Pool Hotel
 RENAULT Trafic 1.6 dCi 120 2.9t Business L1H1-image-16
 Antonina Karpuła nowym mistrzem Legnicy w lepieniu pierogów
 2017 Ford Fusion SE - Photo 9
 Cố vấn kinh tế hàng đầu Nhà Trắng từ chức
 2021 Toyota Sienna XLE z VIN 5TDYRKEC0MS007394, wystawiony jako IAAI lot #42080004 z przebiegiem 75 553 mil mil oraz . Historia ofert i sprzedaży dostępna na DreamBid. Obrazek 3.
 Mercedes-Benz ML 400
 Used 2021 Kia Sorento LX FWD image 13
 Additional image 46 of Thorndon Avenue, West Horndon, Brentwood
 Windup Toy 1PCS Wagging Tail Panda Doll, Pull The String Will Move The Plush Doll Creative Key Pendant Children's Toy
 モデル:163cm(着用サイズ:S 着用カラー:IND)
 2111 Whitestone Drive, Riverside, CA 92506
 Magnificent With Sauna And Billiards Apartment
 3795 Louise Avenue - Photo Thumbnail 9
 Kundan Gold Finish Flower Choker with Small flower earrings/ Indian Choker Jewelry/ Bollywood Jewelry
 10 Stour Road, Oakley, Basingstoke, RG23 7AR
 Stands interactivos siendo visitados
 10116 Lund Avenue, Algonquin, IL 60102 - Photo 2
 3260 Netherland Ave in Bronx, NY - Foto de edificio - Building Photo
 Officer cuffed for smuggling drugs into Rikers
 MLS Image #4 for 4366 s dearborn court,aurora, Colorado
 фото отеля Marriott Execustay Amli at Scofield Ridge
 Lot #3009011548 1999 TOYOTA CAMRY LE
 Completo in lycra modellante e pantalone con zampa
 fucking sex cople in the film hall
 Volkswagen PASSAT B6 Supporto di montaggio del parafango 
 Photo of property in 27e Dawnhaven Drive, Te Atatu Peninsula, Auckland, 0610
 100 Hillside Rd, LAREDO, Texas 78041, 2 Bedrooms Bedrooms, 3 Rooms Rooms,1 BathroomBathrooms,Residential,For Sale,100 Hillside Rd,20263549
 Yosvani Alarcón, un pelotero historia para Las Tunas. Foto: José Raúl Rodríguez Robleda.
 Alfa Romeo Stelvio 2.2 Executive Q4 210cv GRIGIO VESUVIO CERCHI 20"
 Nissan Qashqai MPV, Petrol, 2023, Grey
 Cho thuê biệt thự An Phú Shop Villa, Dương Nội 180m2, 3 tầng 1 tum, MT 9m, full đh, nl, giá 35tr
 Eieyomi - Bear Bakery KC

## Task to complete
Report how many lines of the listing above include the word "Drive". Say nothing but the number.

## Completed task
2